Hmm, this evolved into an editorial when I wasn't looking :) was: RE: Inappropriate Proposals FAQ

2002-07-12 Thread Barry Caplan

At 05:13 PM 7/12/2002 -0400, Suzanne M. Topping wrote:
 -Original Message-
 From: Barry Caplan [mailto:[EMAIL PROTECTED]]
 
 At 01:27 PM 7/11/2002 -0400, Suzanne M. Topping wrote:
 Unicode is a character set. Period. 
 
 Each character has numerous 
 properties in Unicode, whereas they generally don't in legacy 
 character sets.

Each character, or some characters?


For all intents and purposes, each character. Chapter 4.5 of my Unicode 3.0 book says 
 The Unicode Character Database on the CDROM defines a General Category for all 
Unicode characters

So, each character has at least one attribute.
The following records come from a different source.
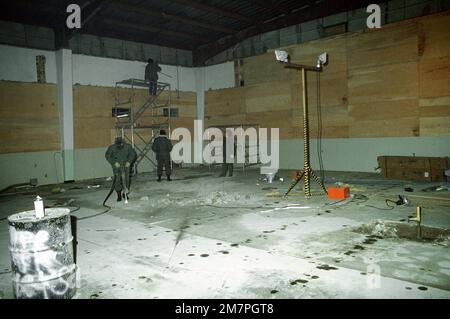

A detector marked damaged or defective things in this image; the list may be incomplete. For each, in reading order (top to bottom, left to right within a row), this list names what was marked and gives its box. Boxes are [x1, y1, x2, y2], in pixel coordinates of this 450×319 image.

rusty barrel [7, 209, 76, 298] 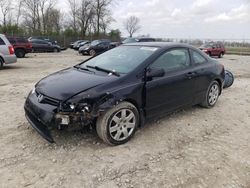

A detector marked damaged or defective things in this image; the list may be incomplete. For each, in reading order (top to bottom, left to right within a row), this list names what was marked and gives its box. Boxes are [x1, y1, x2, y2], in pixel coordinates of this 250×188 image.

crumpled hood [36, 67, 116, 100]
damaged front bumper [23, 91, 93, 142] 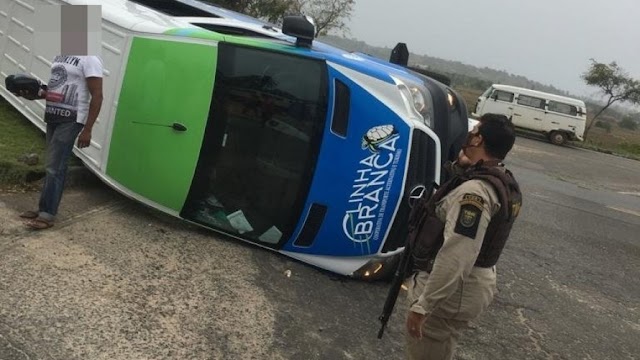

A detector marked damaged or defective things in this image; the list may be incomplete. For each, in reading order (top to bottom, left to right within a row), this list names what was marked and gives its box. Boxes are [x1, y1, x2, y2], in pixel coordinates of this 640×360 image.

overturned van [0, 0, 470, 280] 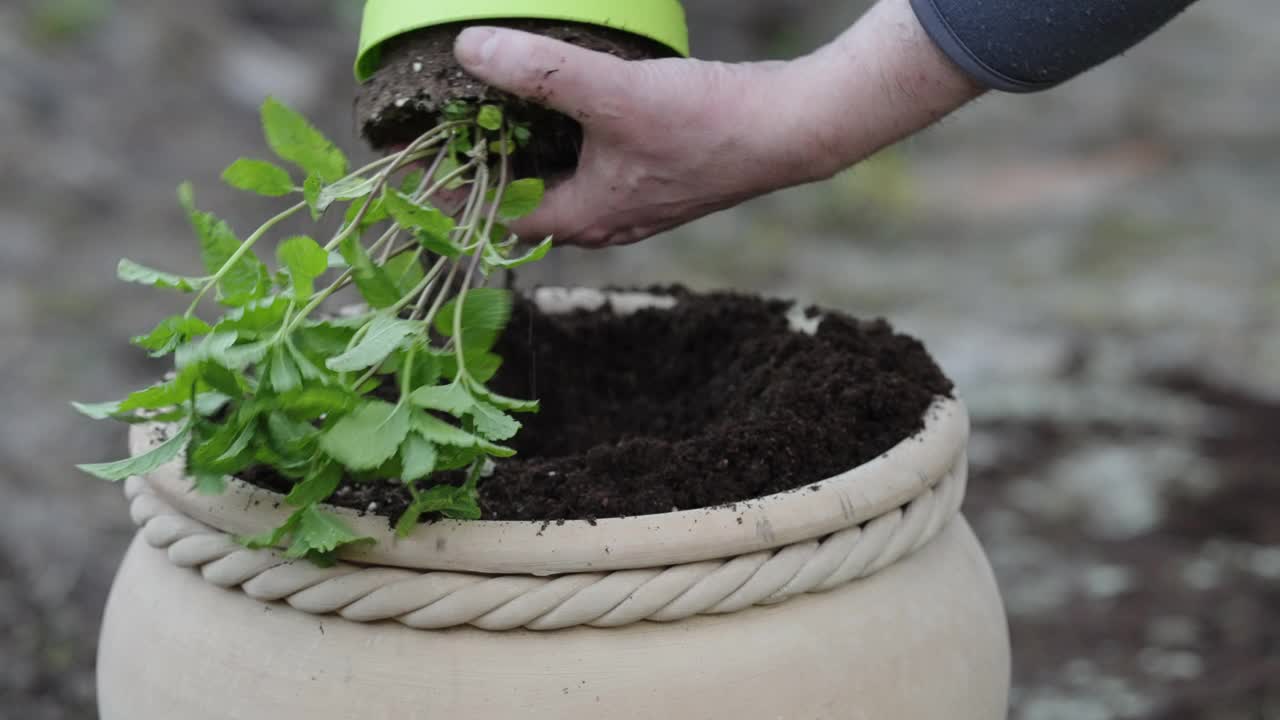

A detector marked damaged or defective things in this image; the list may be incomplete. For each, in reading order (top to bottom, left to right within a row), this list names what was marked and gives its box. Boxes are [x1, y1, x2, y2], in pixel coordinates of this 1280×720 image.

twisted rope rim [125, 462, 964, 632] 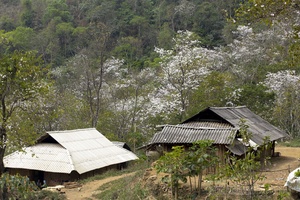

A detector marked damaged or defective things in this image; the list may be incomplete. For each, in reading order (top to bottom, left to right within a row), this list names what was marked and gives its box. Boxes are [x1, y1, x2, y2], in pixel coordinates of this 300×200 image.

rusted metal roof [4, 128, 138, 173]
rusted metal roof [150, 124, 237, 145]
rusted metal roof [184, 107, 290, 145] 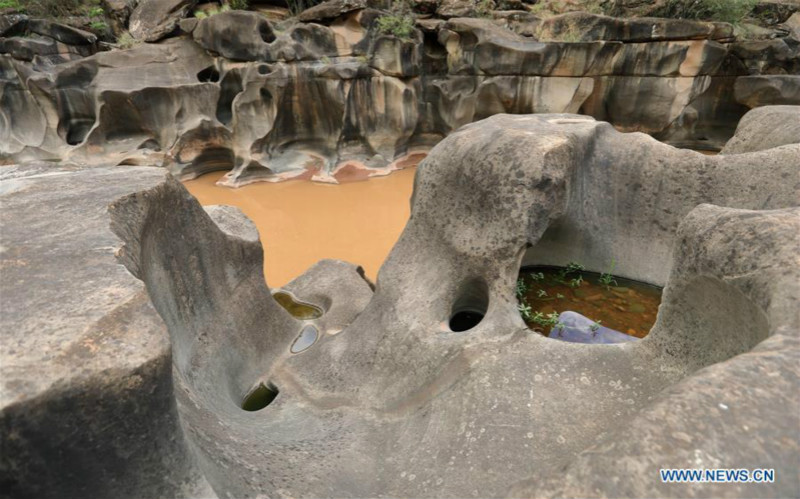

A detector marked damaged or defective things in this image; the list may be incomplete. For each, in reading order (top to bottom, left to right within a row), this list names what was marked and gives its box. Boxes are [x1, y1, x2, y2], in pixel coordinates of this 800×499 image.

water-filled pothole [274, 292, 324, 320]
water-filled pothole [446, 278, 490, 332]
water-filled pothole [520, 268, 664, 342]
water-filled pothole [241, 384, 282, 412]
One could easily say that each 
character also has an attribute for isUpperCase of either true of false, and so on.

There are no corresponding features in other character sets usually.


 Maybe Unicode is more of a shared set of rules that apply to 
 low level data structures surrounding text and its algorithms 
 then a character set.

Sounds like the start of a philosophical debate. 

Not really. I have been giving presentations for years, and I have seen many others 
give similar presentations. A common definition of character set is a list of 
character you are interested in assigned to codepoints. That fits most legacy 
character sets pretty well, but Unicode is sooo much more than that.



If Unicode is described as a set of rules, we'll be in a world of hurt.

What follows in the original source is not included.